Sherrington admits that he has regrets about missing out on active combat with his comrades in Afghanistan. “Part of me is gutted I didn’t go but part of me thinks: ‘I’m not exactly the smallest target’. I’m 6ft 5in and with size 15 feet, I’m a bit of a landmine attractor as well!
“Afghanistan’s finished now for the marines. Everyone’s been brought back now. But I did Iraq.” He was there for six months at the beginning of the conflict and it was due to the horrors of that experience that he is now fighting for his country in a gym rather than the middle east.
“I’ll never forget the day we went over the border from Kuwait. The ground was shaking as the oilfields went up. The whole sky started to cloud over. It is experiences like that you carry with you. There’s a great line from Jarhead, that film with Jake Gyllenhaal: ‘The soldier remembers his rifle.
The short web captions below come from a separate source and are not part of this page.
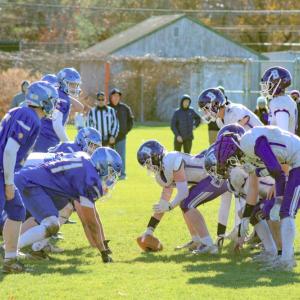 The Vikings get ready for the snap. 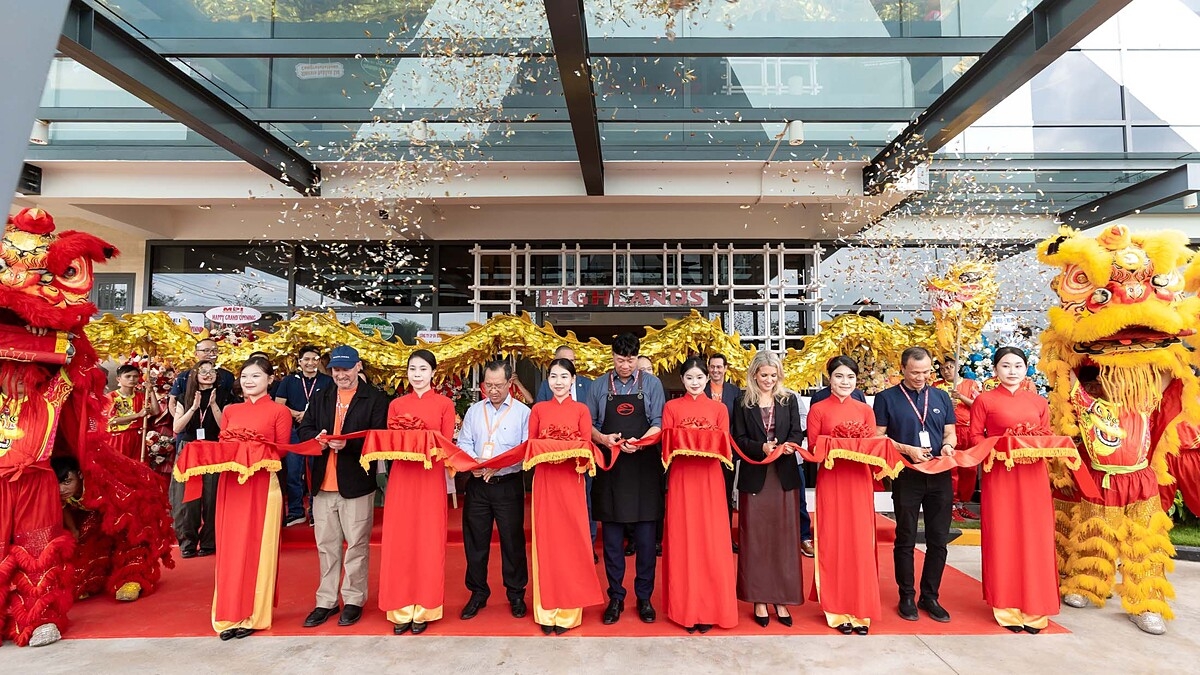 Nghi thức cắt băng khánh thành Nhà máy rang xay cà phê Highlands Cái Mép tại Bà Rịa - Vũng Tàu.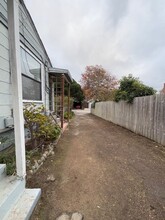 371 26th Ave in Santa Cruz, CA - Building Photo - Building Photo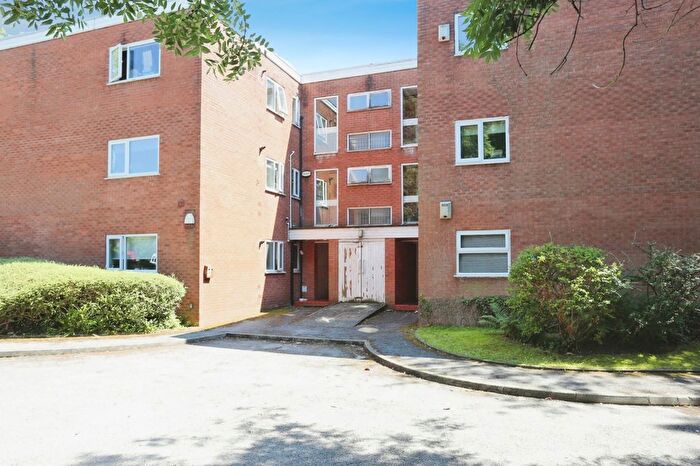 1 Bedroom Flat For Sale In Craig Road, Heaton Mersey, Stockport, SK4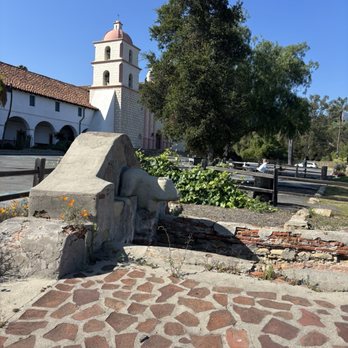 Mission Santa Barbara - Replica bears head on the laundry basin1818. The other end, lions head is still the original. Made by Chumash artisan. - Museums Near Me - Santa Barbara, California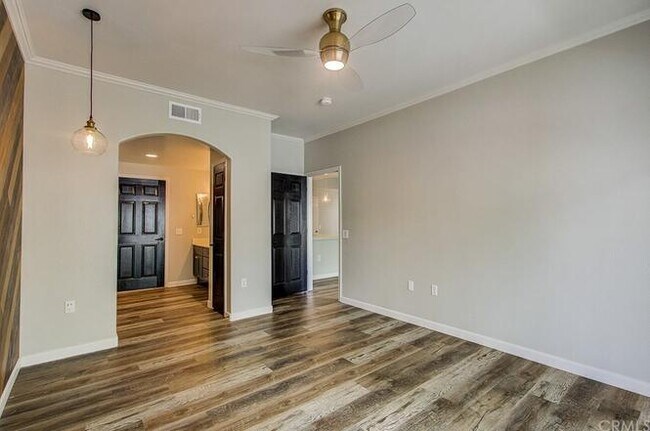 Building Photo - 555 Lands End Way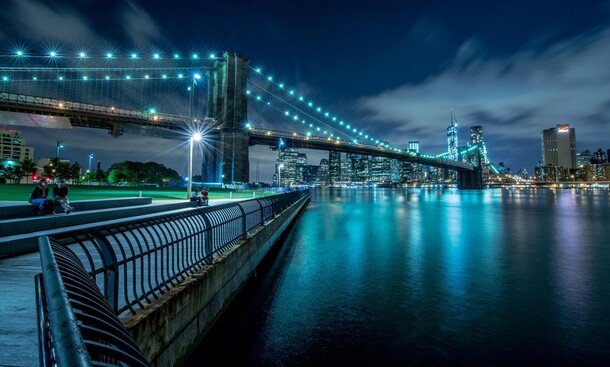 彩绘都市夜桥蓝光，高清PNG透明背景，摄影风景素材下载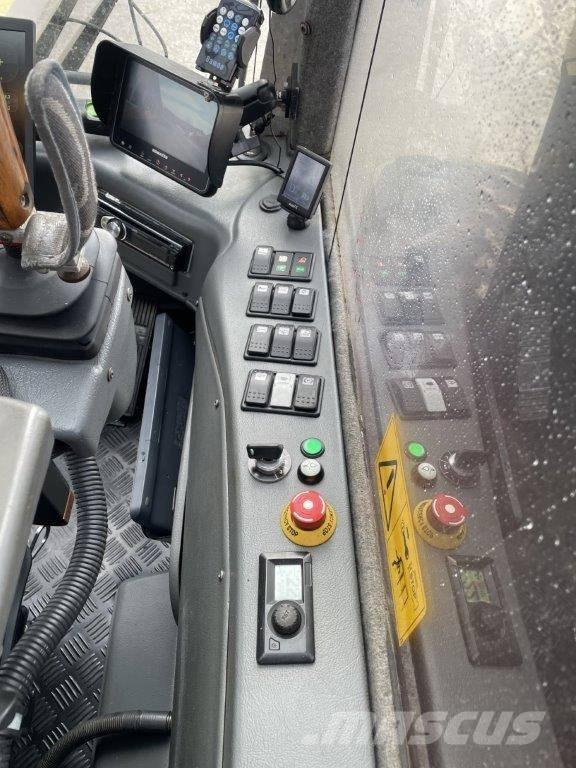 Komatsu 911.5 Cosechadoras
His hands may do many other things but he always remembers his rifle’. That’s the same for me. The experience you have, you always remember. It’s one of the reasons I started doing judo, for stress management. I got put in positions I wasn’t particularly comfortable with, we all did. But my mum and dad always told me to take my frustrations out in a sport. ‘You don’t hurt yourself or anyone around you’, they said. That’s the biggest thing. When you have issues, you have to keep it contained because it’s very easy to hurt someone or say something to your wife or your kids. You really have to look after yourself.
“Everyone clicks off different things. I’ve seen marines much better than me crumble after a couple of deployments. It’s certain things, having to work with kids, and having bad things happen. It’s different for everyone. But for me, when I came back from Iraq, I needed to vent. And look what I’ve accomplished. Bad energy can be turned into good energy. And that’s a great thing for kids to be able to see as well. They might not have got the grades they needed at school or got the right start in life. But you can change that and put it into something. That’s what judo and Judo Scotland have shown people…you can come from anywhere and achieve big.”
It’s the celebration of sport, the verve of life and sense of duty that make Sherrington a poster boy not just for the marines, not just for judo, or even Team Scotland. He took some of the toughest experiences of his life and channeled them into something good. That makes him an ambassador for hope and positivity.